Scraped caption text data
★ ★ ★ ★ ★ ★ ★
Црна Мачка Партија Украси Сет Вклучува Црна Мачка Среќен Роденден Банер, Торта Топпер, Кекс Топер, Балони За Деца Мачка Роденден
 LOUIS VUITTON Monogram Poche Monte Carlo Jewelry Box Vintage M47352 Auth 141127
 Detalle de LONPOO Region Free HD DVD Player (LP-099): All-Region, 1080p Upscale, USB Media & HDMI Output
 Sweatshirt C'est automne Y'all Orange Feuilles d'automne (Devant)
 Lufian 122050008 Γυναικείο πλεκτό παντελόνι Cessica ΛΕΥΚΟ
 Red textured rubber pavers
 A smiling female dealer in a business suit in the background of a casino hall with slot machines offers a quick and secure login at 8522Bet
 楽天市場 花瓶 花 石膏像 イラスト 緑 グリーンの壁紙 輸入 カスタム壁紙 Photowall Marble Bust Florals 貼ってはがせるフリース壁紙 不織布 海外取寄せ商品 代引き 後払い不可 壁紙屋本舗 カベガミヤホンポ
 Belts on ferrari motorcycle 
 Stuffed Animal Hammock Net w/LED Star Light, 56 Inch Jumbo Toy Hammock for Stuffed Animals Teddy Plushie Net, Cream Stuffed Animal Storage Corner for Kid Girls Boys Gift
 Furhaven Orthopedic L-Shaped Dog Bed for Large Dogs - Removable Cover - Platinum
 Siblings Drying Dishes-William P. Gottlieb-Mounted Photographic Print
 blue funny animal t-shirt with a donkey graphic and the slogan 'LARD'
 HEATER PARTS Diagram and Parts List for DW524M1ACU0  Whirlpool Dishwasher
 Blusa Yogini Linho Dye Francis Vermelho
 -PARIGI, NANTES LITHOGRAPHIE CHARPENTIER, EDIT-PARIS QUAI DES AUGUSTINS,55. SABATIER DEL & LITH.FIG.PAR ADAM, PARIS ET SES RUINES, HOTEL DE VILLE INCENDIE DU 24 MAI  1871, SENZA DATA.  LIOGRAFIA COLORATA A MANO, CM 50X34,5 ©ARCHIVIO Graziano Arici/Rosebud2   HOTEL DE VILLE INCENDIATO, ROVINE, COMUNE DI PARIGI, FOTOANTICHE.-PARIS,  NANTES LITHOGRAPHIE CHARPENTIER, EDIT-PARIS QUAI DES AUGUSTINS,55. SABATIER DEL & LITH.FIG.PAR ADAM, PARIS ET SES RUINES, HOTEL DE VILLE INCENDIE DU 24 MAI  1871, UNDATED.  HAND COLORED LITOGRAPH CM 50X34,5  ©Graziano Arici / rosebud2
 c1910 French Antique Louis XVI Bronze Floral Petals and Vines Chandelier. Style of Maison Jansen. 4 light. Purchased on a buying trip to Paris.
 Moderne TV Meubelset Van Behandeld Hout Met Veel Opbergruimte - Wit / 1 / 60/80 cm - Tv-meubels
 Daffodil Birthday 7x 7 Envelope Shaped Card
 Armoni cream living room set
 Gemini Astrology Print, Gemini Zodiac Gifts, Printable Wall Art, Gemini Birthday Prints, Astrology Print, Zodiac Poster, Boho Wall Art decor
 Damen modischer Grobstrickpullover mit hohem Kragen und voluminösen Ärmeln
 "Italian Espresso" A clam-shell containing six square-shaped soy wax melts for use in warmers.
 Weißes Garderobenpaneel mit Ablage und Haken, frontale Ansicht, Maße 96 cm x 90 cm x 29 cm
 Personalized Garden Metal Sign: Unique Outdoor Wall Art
★ ★ ★ ★ ★ ★ ★
### Exercise instructions
Which lines in the data hold the string "Birthday"? Copy each of them.

### Your response
 Daffodil Birthday 7x 7 Envelope Shaped Card
 Gemini Astrology Print, Gemini Zodiac Gifts, Printable Wall Art, Gemini Birthday Prints, Astrology Print, Zodiac Poster, Boho Wall Art decor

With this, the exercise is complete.